Chamlong Srimuang, the ascetic general who led a 1992 "people power" uprising against a military government in which about 50 people were killed, said there would be no trouble this time. 

"We will march peacefully," he told the rally, to chants of 'Thaksin, get out'. "You can be assured that nothing will happen. Do not be afraid." 


The crowd appeared to be well disciplined. 

When some people tried to tear down a long banner pinned to the wall of Government House bearing messages of support for Thaksin, marshals in the crowd moved swiftly to stop them. 

Chamlong's blue-clad "Dharma Army", or the Army of Buddha's Teachings -- barefoot and carrying the red, white and blue Thai flag -- led the way from the overnight rally to Government House about 5 km (3 miles) away. 

Protest leaders had hoped the crowd outside the heart of government would prevent the weekly cabinet meeting. But it went ahead with Thaksin chairing it by video-link. 

He was campaigning in the northeast for a snap election he called for April 2 in hopes of defusing the campaign to topple him, saying he would not be forced out by "mob rule" and accusing opposition parties of betraying democracy by boycotting it. 

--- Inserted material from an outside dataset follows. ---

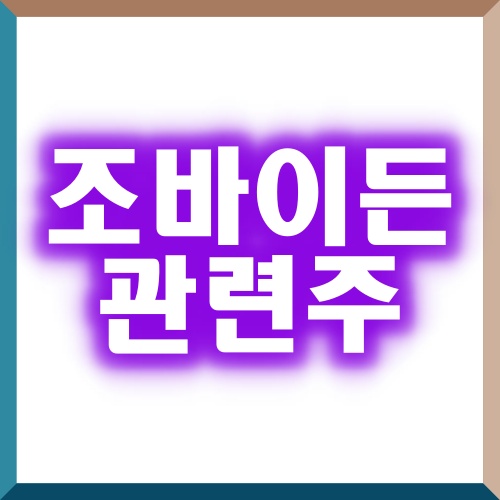  트럼프 vs [조바이든 관련주] 지지율로 보는 수혜주 (한성기업,두올,마이크로프랜드) 대장주는?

Like earlier rallies, Tuesday's protest appeared good natured. 

But 6,000 Thaksin supporters headed from northern Thailand to Bangkok in tractors and trucks, fanning fears that yet again a Thai political confrontation could turn into street violence. 

Such fears clearly penetrated the royal palace and led to the screening on all six Thai television channels on Sunday of footage of the King, a constitutional monarch, talking in 1992 to the then prime minister and Chamlong as they knelt before him. 

Suchinda Kraprayoon, then head of a military-led government, quit after the audience and peace returned to Bangkok's streets.